Eldridge used a Trout Magnet stickbait and a drop shot rigged with Berkley Power Eggs. His first stop was in the last big pool between the dam and the creek. After several unsuccessful casts with the stickbait, he tossed the Power Eggs at the base of the dam. A colorful 15-inch rainbow took the bait and gave Eldridge a good fight. Though not giant, that’s considerably bigger than a fresh-stocked rainbow.
Then, we clambered up the hill to the next pool which we thought was even more likely to hold a good fish. None bit, so we joined Kubler and Pruitt to cast in the lake.
Kubler had already caught and released eight trout with Power Eggs, and Pruitt had caught six. It was late afternoon, and trout were hitting bugs on the surface. It was the ideal situation for Eldridge’s Colorado rig, which he uses with great effect on South Fork Reservoir near South Fork, Colo. It is a Royal Wolf fly on a 3-foot long leader behind a clear casting bobber. You can cast the rig halfway across the lake. Retrieved slowly, the fly rises behind the bobber like an emerging stonefly. Eldridge caught half a dozen in short order.
Walking back to the truck, we encountered a family from Newport. A boy of about 9 asked if we caught any fish. He got excited when we answered affirmatively, but we were disappointed that we had no fish to show him.
“But, I do have a video,” I said. “Wanna see it?”
He wanted very much to see it, so we encircled him while I played the video on my smart phone. It showed Eldridge hooking and fighting a jumping, thrashing trout. Online subscribers can watch it in the video that accompanies this article.
When it was over, the boy declared, “I want to go fishing!”
“And well you should!” I chirped.
He spun to face his parents and reiterated his desire. His parents appeared not to appreciate it. That is why Pruitt calls me “The Instigator.”
Back at camp, we lit a bank of lanterns and piled a big mound of firewood. Before long, we had a tall, roaring blaze.
Kubler grilled our customary meal of hubcap-size ribeye steaks, salad, baked potatoes and the sweetest corn on the cob I have ever eaten. Kubler and I washed it down with a celebratory shot of Droptine 12-Point Bourbon. It displaces Jefferson Reserve Ocean as my favorite sipping bourbon.

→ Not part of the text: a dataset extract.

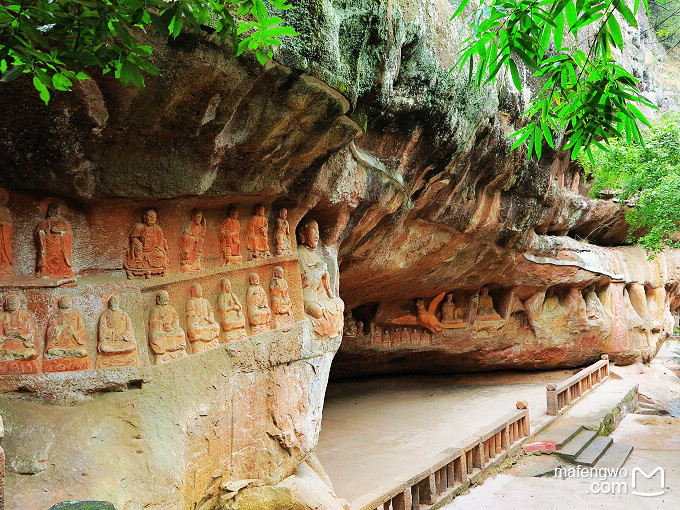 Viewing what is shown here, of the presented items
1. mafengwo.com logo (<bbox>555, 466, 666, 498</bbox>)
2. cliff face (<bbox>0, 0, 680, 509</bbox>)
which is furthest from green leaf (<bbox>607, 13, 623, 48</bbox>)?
mafengwo.com logo (<bbox>555, 466, 666, 498</bbox>)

The bonhomie prompted Kubler to share stories of his youth in Pittsburgh, including watching Tony Dorsett’s Heisman Trophy winning season in 1976 at the University of Pittsburgh.
“They won the national championship that year, but hardly anybody went to the games,” Kubler said.
The community beer was a brand called Iron City. Kubler said it was brewed with Allegheny River water downstream from a steel mill.
“It was some real rotgut stuff,” Kubler said. “Pittsburgh Brewing Company had one called Olde Frothingslosh. ‘The Pale Stale Ale with the Foam on the Bottom.’ That’s what it said right on the can.” Kubler showed us a can of Olde Frothingslosh for sale on eBay.
My favorite Kubler tale is about his brother that worked for a welder. They and an apprentice were working near the elephant enclosure at the Pittsburgh Zoo. One of the elephants held a grudge against the young apprentice.
“That elephant picked up a big pile of dung with its trunk,” Kubler said. “When the kid saw that, he took off running. That elephant flung it and splattered his whole back from head to toe.”
And so went a long night of laughter and fellowship beside a roaring bonfire as we toasted boys who have grown, boys who have gone, and the stones they rolled.